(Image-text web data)
============
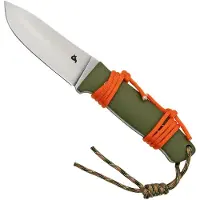 FOX Black Vesuvius Stonewashed D2 Blade, OD Green G10 cuchillo fijo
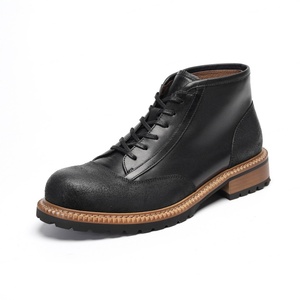 Bottes de motard pour homme à blocs de couleur, bottes de travail d'inspiration rétro, chaussures de marche d'extérieur d'inspiration britannique - Product Image 6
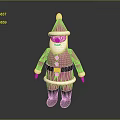 Santa Claus Doll in Pink Sparkly Outfit with White Beard Green Boots and Black Buttons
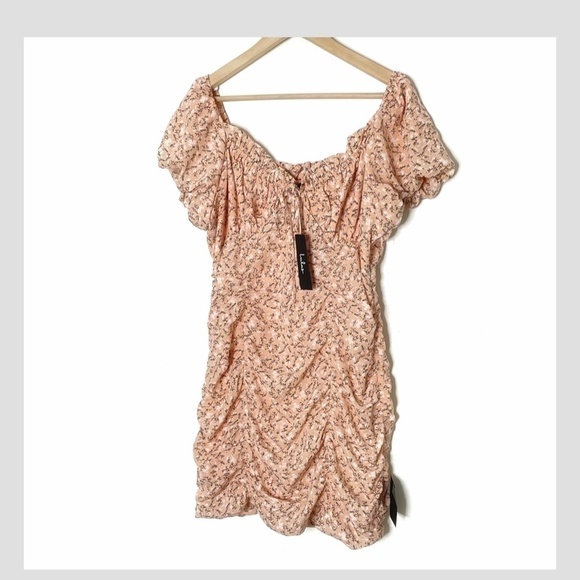 NWT Lulus Reason To Be Dress Ditsy Floral Off Shoulder Ruched Mini Dress Size L - Picture 2 of 11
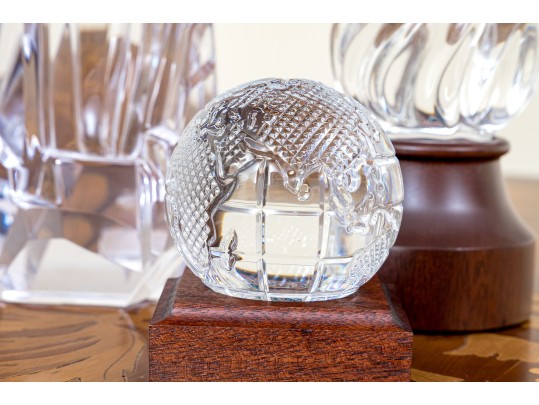 Collection Of Crystal Paperweights Including Faberge, Sevres, Steuben, And Waterford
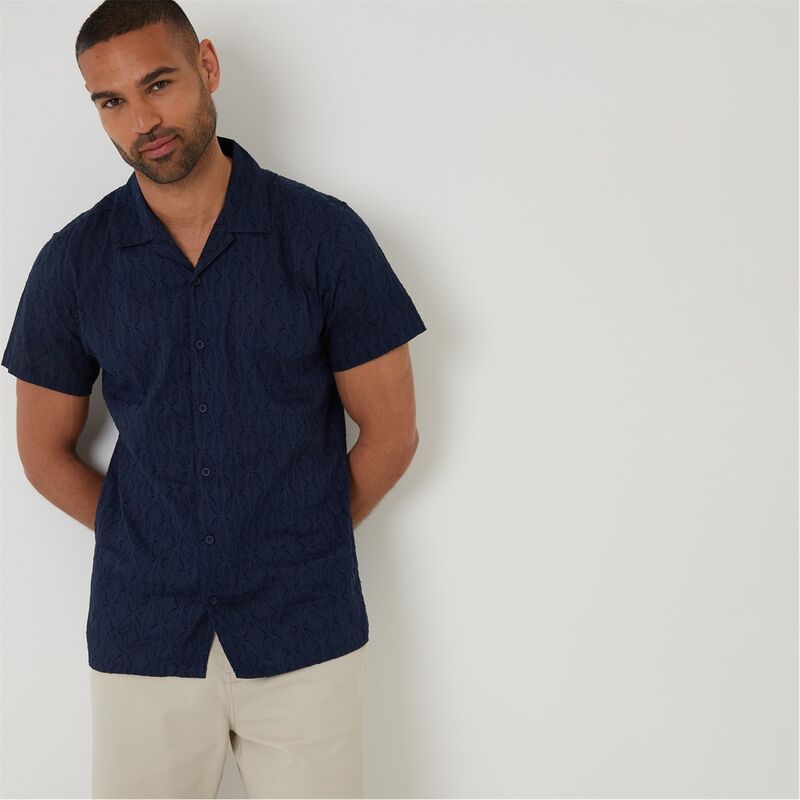 スリードベア メンズ トップス シャツ コットン Threadbare Cotton Pluck Textured Short Sleeve Shirt Navy ネイビー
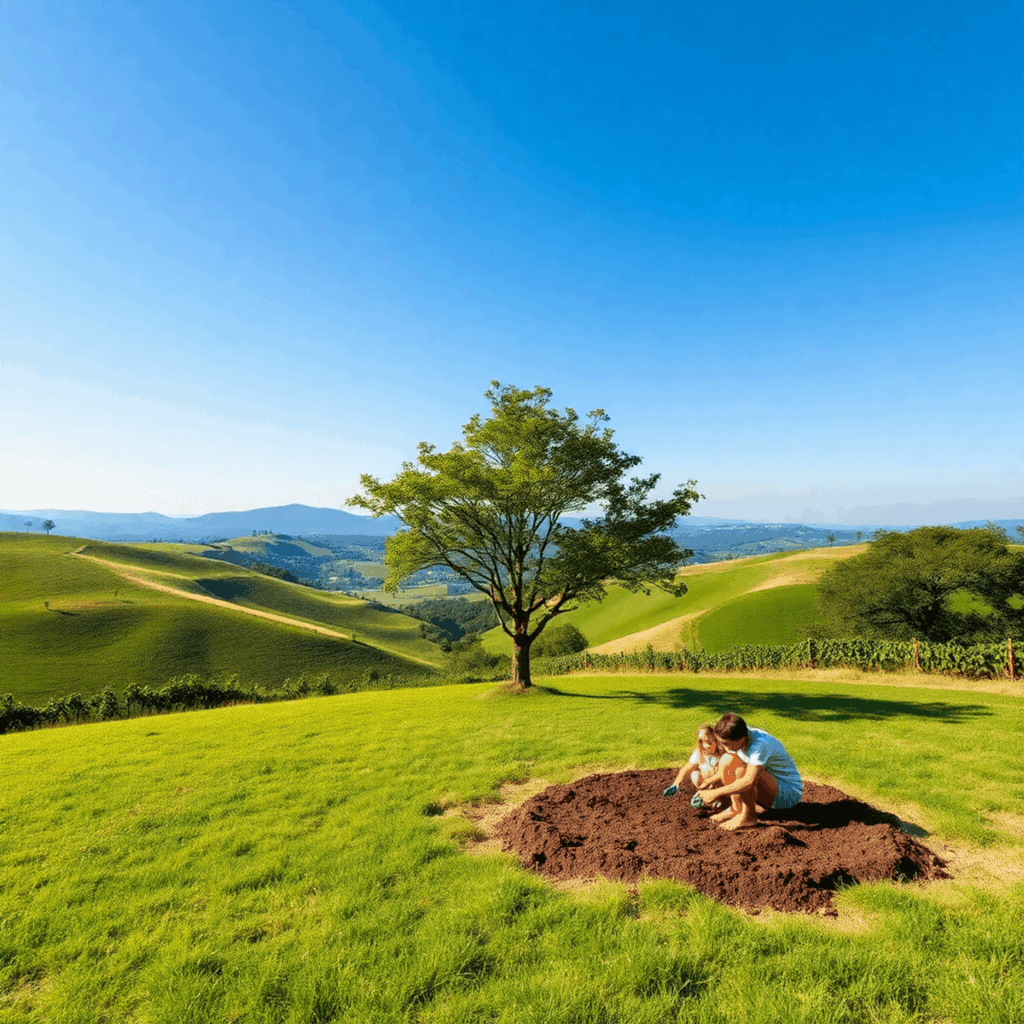 A peaceful landscape with rolling hills and lush greenery, featuring a family gathering around a tree, planting a garden together under a clear blu...
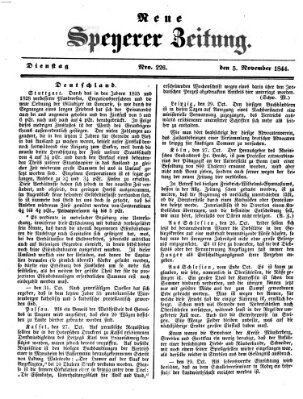 Neue Speyerer Zeitung Dienstag 5. November 1844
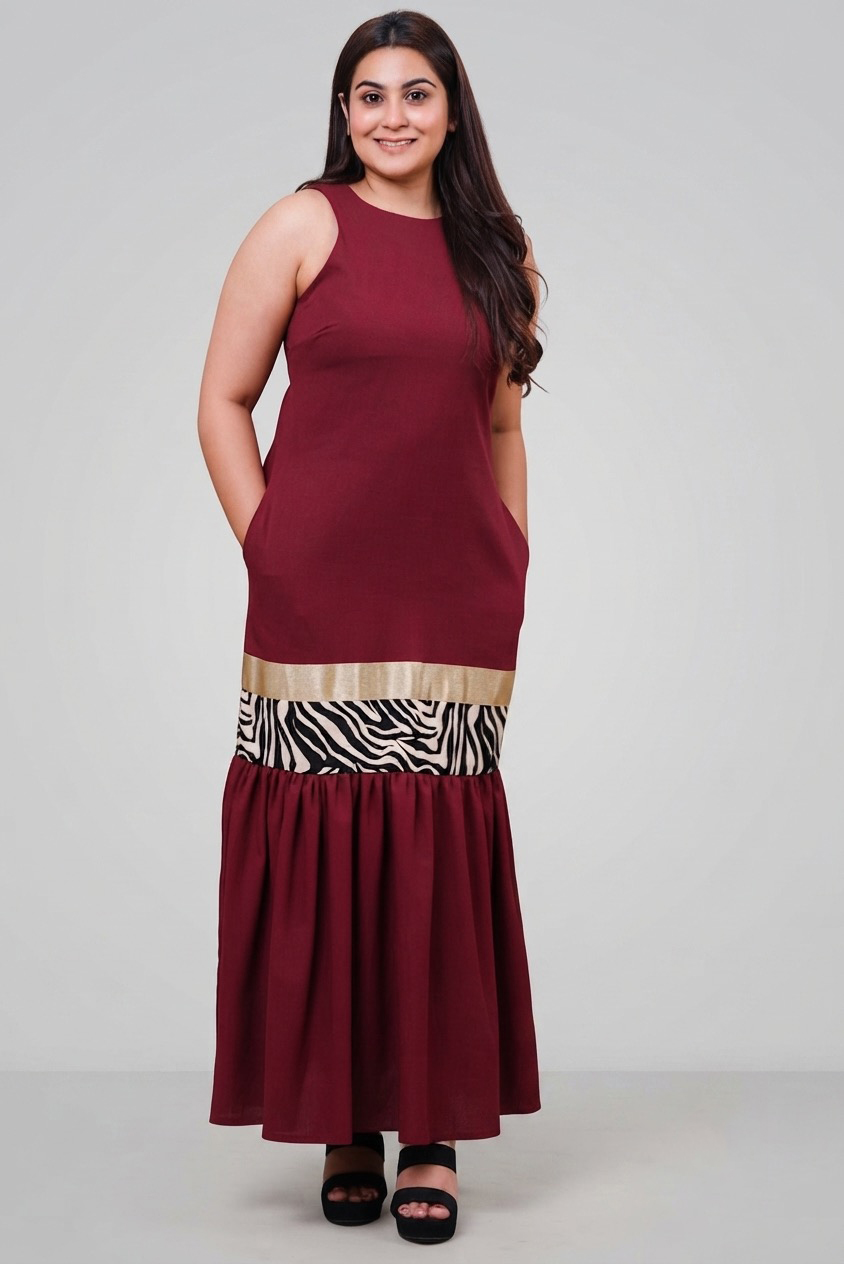 Bronze Bloom Festive Dress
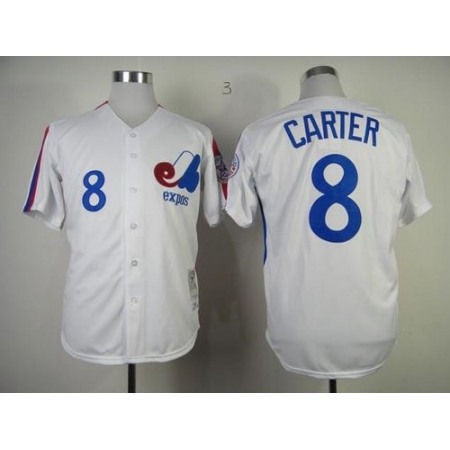 Mitchell And Ness 1982 Expos #8 Gary Carter White Throwback Stitched MLB Jersey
============
* What you have to do
No picture is to be printed. Output exactly the lines above from the line containing "Collection Of Crystal" through the line containing "スリードベア メンズ トップス".

* Result below
 Collection Of Crystal Paperweights Including Faberge, Sevres, Steuben, And Waterford
 スリードベア メンズ トップス シャツ コットン Threadbare Cotton Pluck Textured Short Sleeve Shirt Navy ネイビー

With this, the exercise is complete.